Fig 2. Efficacy of combined interventions including preventative NPIs (e.g., masking, distancing, lockdowns) and testing and isolation.

Infections in the 30 days after intervention change (represented as a median of 5000 stochastic simulations) are shown across non-pharmaceutical intervention (NPI) intensities both when test delays are fixed (A) and test administration is fixed (B) for several sample values. In both, isoclines are shown for 250, 500, and 1000 infections, representing potential threshold levels of median infections that a local system can tolerate. Similarly, the test delay and administration required to achieve a given NPI intensity (C) are shown for four potential NPI intensities (line color) across two possible effective test sensitivities (line type; solid = 100%, dashed = 90%), all assuming 500-infection threshold levels (contours for 250- and 1000-infection thresholds shown in S2 Fig). Grey arrows represent sample policy movements between interventions that maintain public health outcomes, where moves can be made by increasing testing administration (vertical arrows), decreasing test delays (horizontal arrows), or a combination (diagonal arrows). Moves can maintain NPI intensity with a less sensitive test (thick arrows), decrease NPI intensity with the same test (medium arrows), and decrease NPI intensity with a less sensitive test (light arrows). See S3 Fig for a version of this figure showing results when individuals who report for testing are assumed to wait for a test result to isolate.

Fig 3. Total isolations, and of those how many were individuals without symptoms (presymptomatic and asymptomatic infections), for various combined interventions.

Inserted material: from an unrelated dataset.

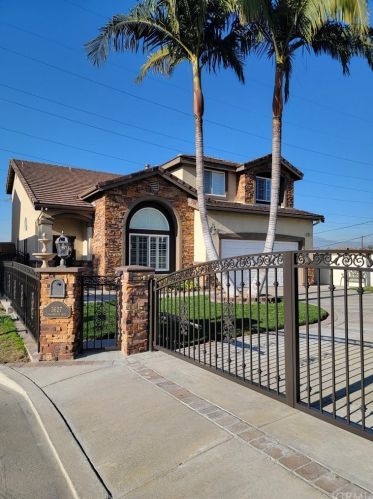 5627 Paramount Ln, Pico Rivera, CA 90660-3089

Each dot represents an intervention combination that results in a median of 500 infections over the 30 days after intervention change (i.e., falls along the contour in Fig 2). For each intervention combination, we record the percent of all infections that are isolated while infectious (x-axis) and isolated before reporting (y-axis). Dot color represents non-pharmaceutical intervention (NPI) intensity and dot size represents test delay of the corresponding strategy. Outcomes are shown for a fixed number of test administration levels (1%, 5%, 20%, 50% of the population tested per day), and dashed lines connect strategies with the same NPI intensity across administration levels. Grey lines serve as a reference to show the percent of all isolations that occurred in those without reported symptoms. Points with cross and asterisk are discussed in the text. See S6 Fig for a version of this figure comparing results when individuals with symptomatic infections are assumed to wait for a test result to isolate.

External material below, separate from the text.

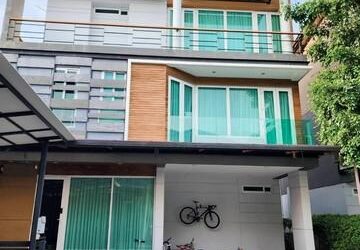 ขายบ้านเดี่ยว 3 ชั้น The Gallery House Pattern ลาดพร้าวซอย1  เนื้อที่ใช้สอย 350ตร.ม 5ห้องนอน 6ห้องน้ำ เขตจตุจักร ใกล้MRTลาดพร้าว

Fig 4. Increases in infections due to additional lifting of NPIs.

Increases measure the change in cumulative infections in the 30 days after intervention implementation caused by lifting non-pharmaceutical interventions (NPIs) an additional 5% beyond the recommended NPI intensity. Each point represents a unique combination of test delay (x-axis) and test administration (color). The percent increase was calculated as (O_L−O_R)/O_R, where O_L is the number of infections that occur with additional NPI lifting, and O_R is the outcome when intervention adheres to NPI recommendations as indicated along the 500-infection contour in Fig 2. Points are not shown for interventions with short delays and high administration because such combinations yield fewer than 500 median cumulative infections without any NPIs (e.g., see Fig 2A: 1 hour, or Fig 2B: 50% administration).